Please I would appreciate your help. Thank you.


----------



## tlarkin

Between those three  I would go with Lenovo first.  Just from my personal experiences.


----------



## jpoveda

Yes, Lenovo is also my first choice. But I would also like specifications for all the use I am going to give to the laptop. Maybe which models with the proper specs are the best for the needs I have.

Please all your answers will be well received. Thank you.


----------



## voyagerfan99

Programming is not very intense spec wise. Any laptop should do the trick. Just depends on what you want to spend.


----------



## jpoveda

I dont want to spend more than a $1,000 maybe between $500 and $700 will be just fine. I want something small and easy to take anywhere. And with good performance. Fast, fast, fast. Maybe also with a webcam and with all the trades for social networks, mail, office applications, programming.

I have been watching Lenovo ThinkPad Edge series, ThinkPad T series and ThinkPad X series. Some of those models were really good. i3 or i5 processor. 4 GB ram, 250 GB HDD, WiFi, Mobile Communications, cam.

That`s what I am looking.


----------



## tlarkin

voyagerfan99 said:


> Programming is not very intense spec wise. Any laptop should do the trick. Just depends on what you want to spend.

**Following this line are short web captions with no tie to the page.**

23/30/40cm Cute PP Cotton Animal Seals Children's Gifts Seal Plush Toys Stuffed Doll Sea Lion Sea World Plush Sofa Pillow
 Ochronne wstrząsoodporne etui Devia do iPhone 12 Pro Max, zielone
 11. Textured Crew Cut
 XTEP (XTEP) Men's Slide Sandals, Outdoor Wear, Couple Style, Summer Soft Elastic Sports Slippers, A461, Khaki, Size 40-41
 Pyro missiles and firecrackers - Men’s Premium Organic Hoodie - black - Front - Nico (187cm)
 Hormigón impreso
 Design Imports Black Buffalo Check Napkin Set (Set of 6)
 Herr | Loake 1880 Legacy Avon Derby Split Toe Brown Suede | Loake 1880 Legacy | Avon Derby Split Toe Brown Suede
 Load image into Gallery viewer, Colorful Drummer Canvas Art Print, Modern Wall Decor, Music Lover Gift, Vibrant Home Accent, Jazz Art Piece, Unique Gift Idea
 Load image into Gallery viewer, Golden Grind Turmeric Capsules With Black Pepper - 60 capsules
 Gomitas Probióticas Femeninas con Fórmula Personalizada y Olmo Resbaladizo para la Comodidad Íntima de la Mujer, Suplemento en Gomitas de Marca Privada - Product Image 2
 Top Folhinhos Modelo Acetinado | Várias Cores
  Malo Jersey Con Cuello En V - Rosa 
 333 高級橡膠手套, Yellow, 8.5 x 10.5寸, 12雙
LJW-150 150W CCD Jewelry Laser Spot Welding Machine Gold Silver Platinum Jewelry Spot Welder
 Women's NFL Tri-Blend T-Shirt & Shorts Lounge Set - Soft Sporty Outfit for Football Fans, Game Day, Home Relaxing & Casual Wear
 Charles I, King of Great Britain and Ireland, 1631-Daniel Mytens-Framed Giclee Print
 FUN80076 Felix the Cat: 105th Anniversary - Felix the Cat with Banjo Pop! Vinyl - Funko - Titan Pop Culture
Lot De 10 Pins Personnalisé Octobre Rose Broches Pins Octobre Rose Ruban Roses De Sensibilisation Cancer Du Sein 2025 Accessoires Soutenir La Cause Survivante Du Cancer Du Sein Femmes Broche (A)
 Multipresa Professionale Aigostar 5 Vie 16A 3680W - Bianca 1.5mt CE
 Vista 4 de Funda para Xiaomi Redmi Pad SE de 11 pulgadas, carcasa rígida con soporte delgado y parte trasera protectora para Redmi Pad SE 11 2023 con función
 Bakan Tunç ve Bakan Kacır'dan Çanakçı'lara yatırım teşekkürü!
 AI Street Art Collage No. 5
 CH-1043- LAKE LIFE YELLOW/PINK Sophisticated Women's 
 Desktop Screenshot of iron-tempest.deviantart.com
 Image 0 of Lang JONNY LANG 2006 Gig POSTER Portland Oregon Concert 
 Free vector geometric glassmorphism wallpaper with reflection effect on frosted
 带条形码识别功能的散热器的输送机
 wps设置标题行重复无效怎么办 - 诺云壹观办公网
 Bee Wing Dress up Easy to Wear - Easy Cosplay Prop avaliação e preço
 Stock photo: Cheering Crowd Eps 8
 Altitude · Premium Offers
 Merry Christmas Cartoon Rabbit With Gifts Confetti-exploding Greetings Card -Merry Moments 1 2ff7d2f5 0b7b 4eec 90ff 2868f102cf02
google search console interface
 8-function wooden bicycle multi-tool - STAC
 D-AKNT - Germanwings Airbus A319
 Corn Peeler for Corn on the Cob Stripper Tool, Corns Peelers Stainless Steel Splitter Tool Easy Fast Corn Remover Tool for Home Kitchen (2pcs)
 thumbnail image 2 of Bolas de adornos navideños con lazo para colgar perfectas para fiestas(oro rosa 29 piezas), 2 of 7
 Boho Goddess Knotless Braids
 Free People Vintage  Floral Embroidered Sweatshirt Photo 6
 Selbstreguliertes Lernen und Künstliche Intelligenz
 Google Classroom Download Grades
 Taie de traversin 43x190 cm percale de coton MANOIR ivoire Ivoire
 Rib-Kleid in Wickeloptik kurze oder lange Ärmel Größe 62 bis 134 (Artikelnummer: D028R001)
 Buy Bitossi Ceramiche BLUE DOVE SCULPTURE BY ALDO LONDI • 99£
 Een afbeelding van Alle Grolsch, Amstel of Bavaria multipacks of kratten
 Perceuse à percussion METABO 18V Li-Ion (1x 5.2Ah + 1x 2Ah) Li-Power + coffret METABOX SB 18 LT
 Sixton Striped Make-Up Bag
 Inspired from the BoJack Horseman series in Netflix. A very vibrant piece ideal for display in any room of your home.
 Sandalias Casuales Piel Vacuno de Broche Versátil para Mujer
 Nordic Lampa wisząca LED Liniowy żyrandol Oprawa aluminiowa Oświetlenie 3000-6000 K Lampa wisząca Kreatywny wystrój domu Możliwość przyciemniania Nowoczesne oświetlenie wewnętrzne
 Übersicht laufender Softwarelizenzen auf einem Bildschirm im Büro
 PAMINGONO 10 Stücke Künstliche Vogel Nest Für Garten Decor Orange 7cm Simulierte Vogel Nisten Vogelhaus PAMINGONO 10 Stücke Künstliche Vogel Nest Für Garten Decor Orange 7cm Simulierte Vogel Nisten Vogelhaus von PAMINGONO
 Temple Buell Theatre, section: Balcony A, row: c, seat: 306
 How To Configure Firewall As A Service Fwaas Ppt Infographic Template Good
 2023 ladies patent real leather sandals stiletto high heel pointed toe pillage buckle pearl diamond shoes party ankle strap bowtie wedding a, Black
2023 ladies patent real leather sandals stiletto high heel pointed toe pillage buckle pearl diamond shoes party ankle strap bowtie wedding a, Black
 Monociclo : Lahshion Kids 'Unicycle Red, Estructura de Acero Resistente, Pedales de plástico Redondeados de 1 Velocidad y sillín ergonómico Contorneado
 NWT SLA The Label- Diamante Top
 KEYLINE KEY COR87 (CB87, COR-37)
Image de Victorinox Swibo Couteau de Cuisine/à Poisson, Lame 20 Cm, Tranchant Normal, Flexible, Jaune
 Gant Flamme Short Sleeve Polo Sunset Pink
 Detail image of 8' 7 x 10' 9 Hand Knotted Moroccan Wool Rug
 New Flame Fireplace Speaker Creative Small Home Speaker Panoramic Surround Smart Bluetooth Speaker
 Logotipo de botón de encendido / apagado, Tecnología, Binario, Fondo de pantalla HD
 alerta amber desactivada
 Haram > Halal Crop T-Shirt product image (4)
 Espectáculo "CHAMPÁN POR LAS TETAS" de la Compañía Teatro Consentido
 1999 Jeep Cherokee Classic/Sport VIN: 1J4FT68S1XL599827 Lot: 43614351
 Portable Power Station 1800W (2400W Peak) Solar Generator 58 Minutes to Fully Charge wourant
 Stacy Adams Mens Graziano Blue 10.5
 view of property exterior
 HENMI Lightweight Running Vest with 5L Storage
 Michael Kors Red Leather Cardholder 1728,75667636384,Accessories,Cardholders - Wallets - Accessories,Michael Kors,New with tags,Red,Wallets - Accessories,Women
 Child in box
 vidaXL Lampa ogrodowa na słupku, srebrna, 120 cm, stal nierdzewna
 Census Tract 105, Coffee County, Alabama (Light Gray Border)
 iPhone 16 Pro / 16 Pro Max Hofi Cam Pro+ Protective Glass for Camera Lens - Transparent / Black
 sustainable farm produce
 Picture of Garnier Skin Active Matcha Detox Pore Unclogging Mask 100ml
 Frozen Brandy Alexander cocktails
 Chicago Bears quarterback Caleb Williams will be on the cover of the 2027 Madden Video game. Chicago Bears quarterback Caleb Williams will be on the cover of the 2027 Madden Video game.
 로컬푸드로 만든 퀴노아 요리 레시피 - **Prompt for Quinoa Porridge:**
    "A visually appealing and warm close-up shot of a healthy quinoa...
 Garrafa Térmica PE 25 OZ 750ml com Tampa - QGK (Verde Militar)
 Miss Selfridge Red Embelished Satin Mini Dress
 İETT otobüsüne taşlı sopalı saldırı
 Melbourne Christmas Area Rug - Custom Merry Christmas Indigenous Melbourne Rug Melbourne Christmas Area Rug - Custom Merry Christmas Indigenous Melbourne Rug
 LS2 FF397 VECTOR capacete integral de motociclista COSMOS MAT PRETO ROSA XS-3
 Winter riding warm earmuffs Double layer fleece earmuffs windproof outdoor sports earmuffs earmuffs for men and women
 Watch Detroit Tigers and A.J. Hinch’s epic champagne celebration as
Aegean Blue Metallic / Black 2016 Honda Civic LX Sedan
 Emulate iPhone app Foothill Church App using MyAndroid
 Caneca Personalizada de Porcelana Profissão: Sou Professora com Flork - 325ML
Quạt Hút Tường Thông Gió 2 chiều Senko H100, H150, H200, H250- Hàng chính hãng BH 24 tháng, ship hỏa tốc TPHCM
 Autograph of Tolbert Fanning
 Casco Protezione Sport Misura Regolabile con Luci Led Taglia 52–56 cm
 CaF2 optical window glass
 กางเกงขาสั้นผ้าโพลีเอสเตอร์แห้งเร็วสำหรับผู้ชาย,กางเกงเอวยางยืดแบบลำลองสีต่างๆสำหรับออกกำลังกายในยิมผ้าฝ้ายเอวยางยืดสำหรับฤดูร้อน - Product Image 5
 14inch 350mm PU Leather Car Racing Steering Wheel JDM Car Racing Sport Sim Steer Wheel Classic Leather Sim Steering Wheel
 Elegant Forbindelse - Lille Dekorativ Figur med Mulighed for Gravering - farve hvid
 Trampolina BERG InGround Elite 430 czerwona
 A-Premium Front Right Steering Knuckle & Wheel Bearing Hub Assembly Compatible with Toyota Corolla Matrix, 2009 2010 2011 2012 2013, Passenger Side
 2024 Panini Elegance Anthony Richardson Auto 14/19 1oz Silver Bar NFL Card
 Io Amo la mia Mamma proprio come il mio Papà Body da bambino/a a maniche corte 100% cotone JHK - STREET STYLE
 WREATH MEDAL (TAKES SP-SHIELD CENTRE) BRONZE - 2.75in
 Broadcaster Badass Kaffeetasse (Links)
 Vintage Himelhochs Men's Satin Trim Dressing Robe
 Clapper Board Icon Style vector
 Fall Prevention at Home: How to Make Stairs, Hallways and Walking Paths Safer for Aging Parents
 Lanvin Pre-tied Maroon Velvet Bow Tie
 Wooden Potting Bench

writing code, no not that intense, compiling massive amounts of code can take time and hardware to do.


----------



## Mr.laptop

Thinkpad first, Dell second, but first one costs the most.


----------



## tlarkin

I hate Dells, but that is because I have dealt with 1000s of them.


----------



## jpoveda

Yes, ThinkPad is first. I found a 14" ThinkPad Edge with i5 processor, 4 GB RAM, 250 HDD that costs about $900. But I dont know if I should buy it. Im concerned about the weight and size also.

Has somebody had one of these 14" ThinkPad Edge. Can someone tell me if they are too big or too thick or too heavy???

Thank you for all your answers.


----------



## powerpack

The post above me looks like a spam bot.

To OP I really like the Asus U36JC-A1, 13.3", i5 460m, 310m GPU w/optimus, 4GB RAM, 500GB HDD. $939.35, international warranty. Worlds thinest notebook, 3.7lbs. 8+ hours on battery.


----------